- **WORK TO BE COMPLETED**: Drop the pictures from the entries below, then reproduce the rest exactly.

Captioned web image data
☆ ☆ ☆ ☆

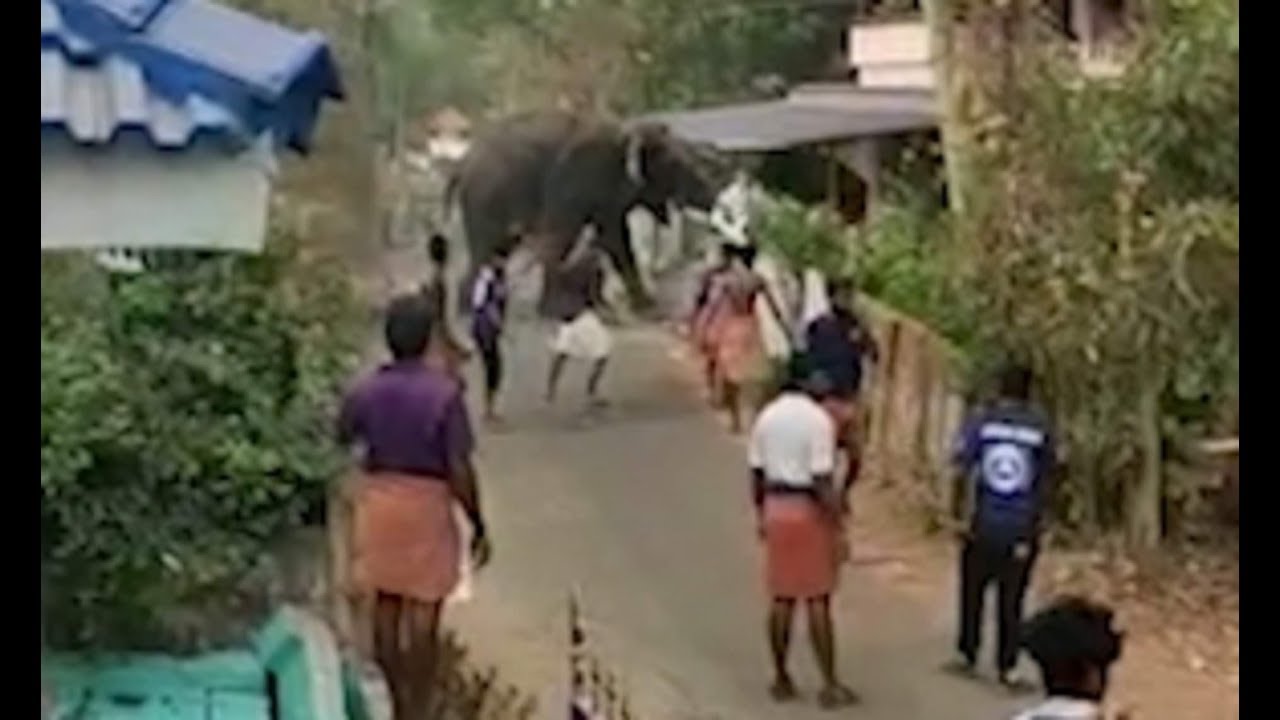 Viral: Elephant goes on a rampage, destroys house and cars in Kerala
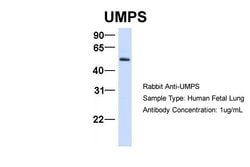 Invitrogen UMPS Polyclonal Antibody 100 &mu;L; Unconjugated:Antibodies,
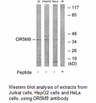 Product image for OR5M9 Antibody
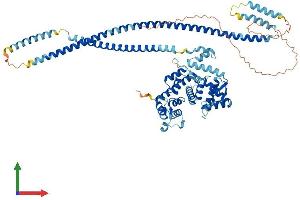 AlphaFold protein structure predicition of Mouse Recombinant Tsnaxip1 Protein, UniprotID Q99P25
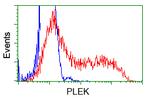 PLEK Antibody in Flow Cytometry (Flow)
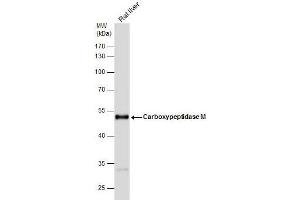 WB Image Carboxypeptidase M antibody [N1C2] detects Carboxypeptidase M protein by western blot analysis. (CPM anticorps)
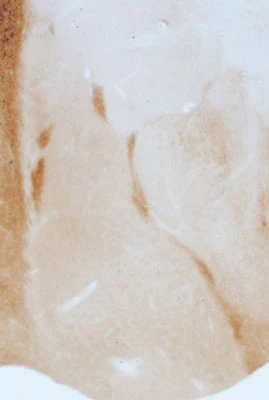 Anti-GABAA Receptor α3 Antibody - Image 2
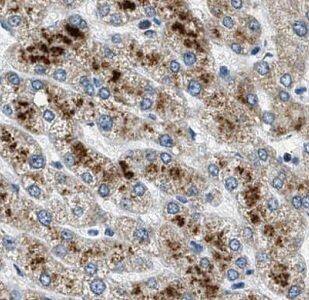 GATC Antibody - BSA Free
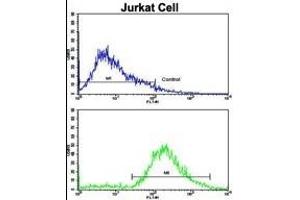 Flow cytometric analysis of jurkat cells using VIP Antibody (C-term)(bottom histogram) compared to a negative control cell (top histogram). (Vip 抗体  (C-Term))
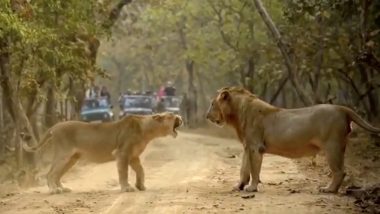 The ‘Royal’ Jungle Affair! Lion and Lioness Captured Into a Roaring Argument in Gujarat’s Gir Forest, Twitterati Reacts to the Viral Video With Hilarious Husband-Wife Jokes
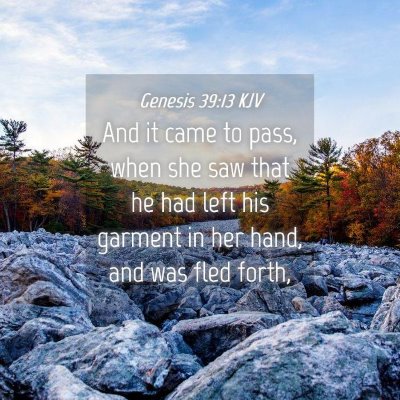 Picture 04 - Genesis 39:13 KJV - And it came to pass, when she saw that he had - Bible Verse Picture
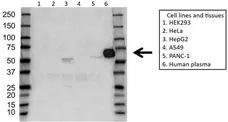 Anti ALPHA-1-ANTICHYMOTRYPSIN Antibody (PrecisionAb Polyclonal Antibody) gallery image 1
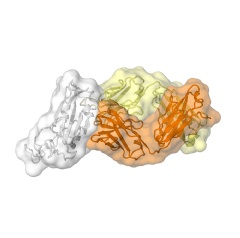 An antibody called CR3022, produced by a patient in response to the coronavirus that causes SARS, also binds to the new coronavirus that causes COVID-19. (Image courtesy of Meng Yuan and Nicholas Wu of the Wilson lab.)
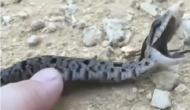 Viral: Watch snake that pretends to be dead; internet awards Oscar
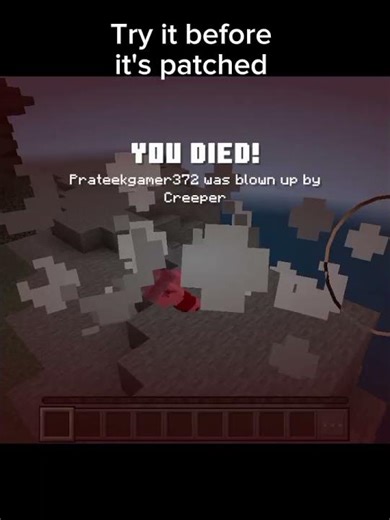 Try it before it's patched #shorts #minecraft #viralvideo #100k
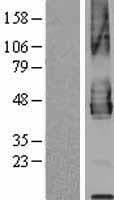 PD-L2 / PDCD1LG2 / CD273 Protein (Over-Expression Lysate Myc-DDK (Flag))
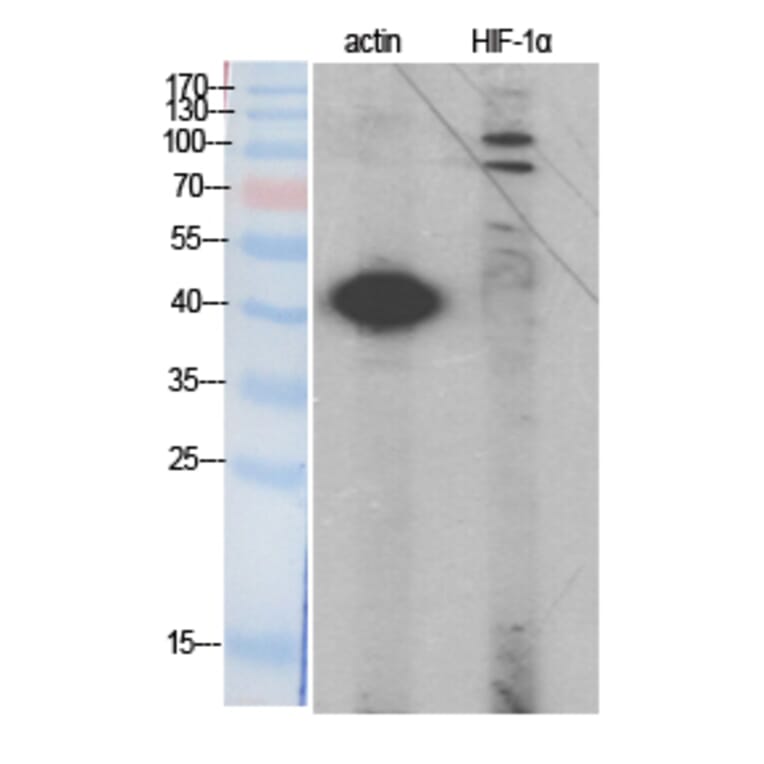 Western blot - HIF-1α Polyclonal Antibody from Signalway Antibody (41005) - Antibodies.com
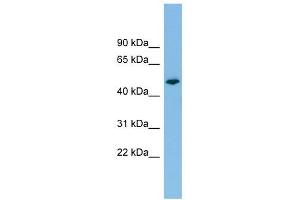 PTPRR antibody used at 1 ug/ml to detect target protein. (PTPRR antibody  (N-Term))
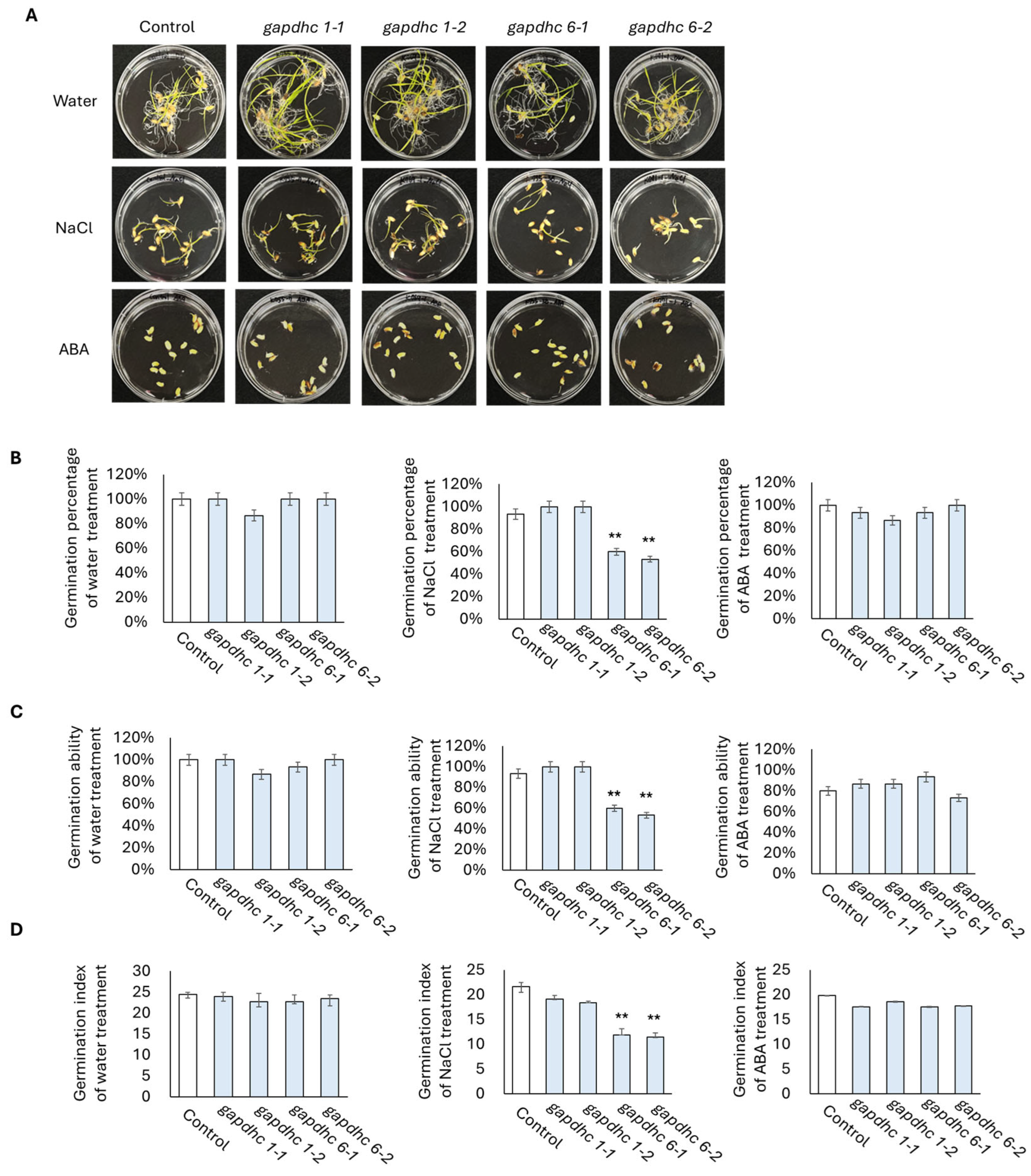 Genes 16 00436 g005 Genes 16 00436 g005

☆ ☆ ☆ ☆

- **RESPONSE**:
 Viral: Elephant goes on a rampage, destroys house and cars in Kerala
 Invitrogen UMPS Polyclonal Antibody 100 &mu;L; Unconjugated:Antibodies,
 Product image for OR5M9 Antibody
 AlphaFold protein structure predicition of Mouse Recombinant Tsnaxip1 Protein, UniprotID Q99P25
 PLEK Antibody in Flow Cytometry (Flow)
 WB Image Carboxypeptidase M antibody [N1C2] detects Carboxypeptidase M protein by western blot analysis. (CPM anticorps)
 Anti-GABAA Receptor α3 Antibody - Image 2
 GATC Antibody - BSA Free
 Flow cytometric analysis of jurkat cells using VIP Antibody (C-term)(bottom histogram) compared to a negative control cell (top histogram). (Vip 抗体  (C-Term))
 The ‘Royal’ Jungle Affair! Lion and Lioness Captured Into a Roaring Argument in Gujarat’s Gir Forest, Twitterati Reacts to the Viral Video With Hilarious Husband-Wife Jokes
 Picture 04 - Genesis 39:13 KJV - And it came to pass, when she saw that he had - Bible Verse Picture
 Anti ALPHA-1-ANTICHYMOTRYPSIN Antibody (PrecisionAb Polyclonal Antibody) gallery image 1
 An antibody called CR3022, produced by a patient in response to the coronavirus that causes SARS, also binds to the new coronavirus that causes COVID-19. (Image courtesy of Meng Yuan and Nicholas Wu of the Wilson lab.)
 Viral: Watch snake that pretends to be dead; internet awards Oscar
 Try it before it's patched #shorts #minecraft #viralvideo #100k
 PD-L2 / PDCD1LG2 / CD273 Protein (Over-Expression Lysate Myc-DDK (Flag))
 Western blot - HIF-1α Polyclonal Antibody from Signalway Antibody (41005) - Antibodies.com
 PTPRR antibody used at 1 ug/ml to detect target protein. (PTPRR antibody  (N-Term))
 Genes 16 00436 g005 Genes 16 00436 g005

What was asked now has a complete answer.